Confidential Computing on IBM Protected Execution Facility

This year’s EuroSys conference included papers with significant contributions to the growing field of Confidential Computing.
This blog post reviews Confidential Computing on IBM Protected Execution Facility (PEF). It follows the paper Confidential Computing for OpenPOWER by Hunt et al, which describes the design and implementation of IBM PEF.
Besides several earlier presentations on IBM PEF at the recent Open POWER Summit or the Linux Security Summit, this is the first conference paper that describes it in detail.

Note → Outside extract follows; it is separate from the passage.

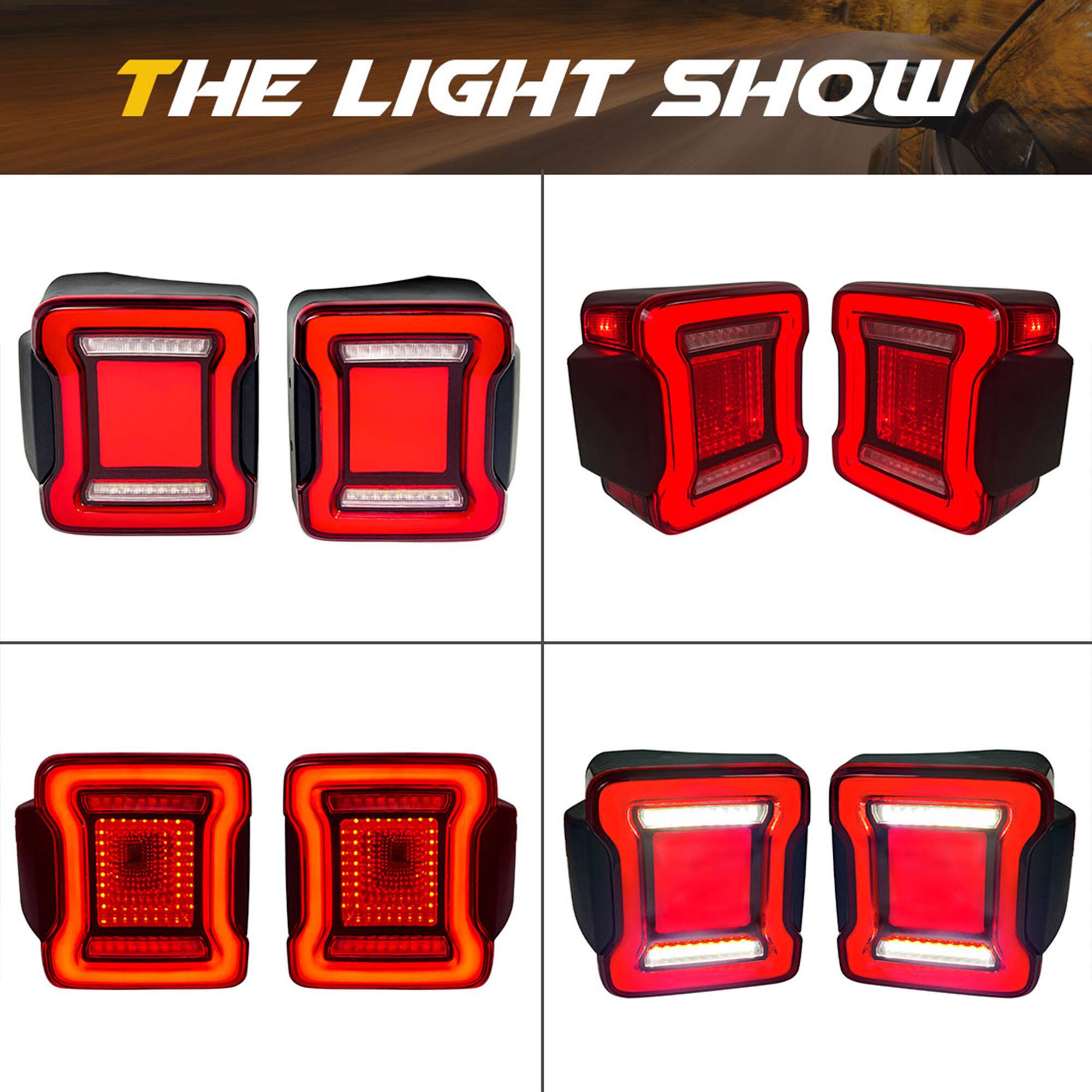 THE LIGHT SHOW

Confidential Computing meets OpenPOWER

The POWER9 chip introduced Confidential Computing on IBM Protected Execution Facility. With this step, IBM joined the growing list of vendors that earlier introduced support for confidential computing in their product line.
These include Intel SGX, Intel TDX, AMD SEV, and the recently announced ARM Confidential Computing Architecture, as well as IBM’s own Z Secure Execution system.

The authors stress that the product cycle and legacy architecture of server class platforms influenced the design of PEF. This sets PEF apart from promising “greenfield” architectures such as Keystone.

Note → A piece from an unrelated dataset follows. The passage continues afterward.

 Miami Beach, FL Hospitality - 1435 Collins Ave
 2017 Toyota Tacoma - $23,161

PEF addresses three key challenges that hinder the broader adoption of TEEs:

  • Balancing between isolation and confidentiality. Existing server class processors make TEEs expensive by bundling confidentiality and isolation.
  • Reusing existing security technologies. Existing TEE implementations introduce many new security components and consequently either require changes to applications or trust in new components.
  • Lifecycle management of secure entities run inside the TEE. This is a crucial aspect missing today, especially in cloud deployments, where the adoption of TEEs promises to unlock new use cases.

The designers of PEF address these challenges and add a new most-privileged execution mode (the Protected Execution Ultravisor). This helps decouple isolation from confidentiality and integrity. It also helps simplify the life cycle of Secure Virtual Machines (SVMs) by removing the need for runtime attestation with the processor vendor.
Note that PEF reuses in its security architecture the already tried and tested Trusted Platform Module (TPM).

Security Model and Design Goals

PEF‘s threat model assumed for  is similar to the one for SGX.
It assumes an uncompromised platform, where the adversary has limited physical access reflecting the common server maintenance tasks.
Similar to SGX, the designers of PEF exclude side channel attacks and refer to the need for a more comprehensive solution to prevent them.

PEF prevents exposing sensitive state from SEVs to both the hypervisor and other SEVs, as well as allows users to verify the validity of the TEE. In this context a computation is valid if an unauthorized party did not modified it and if an unauthorized system cannot run it.

Protected Execution Facility

To implement PEF with minimal the changes to existing components – such as the hypervisor – the design implements a new CPU state, secure state, and a new firmware to manage it, the Protected Execution Ultravisor. I can’t help but mention here Butler Lampson’s famous aphorism: Another level of indirection can solve all problems in computer science.
Support for the ultravisor is already available in the Linux kernel v5.12.0.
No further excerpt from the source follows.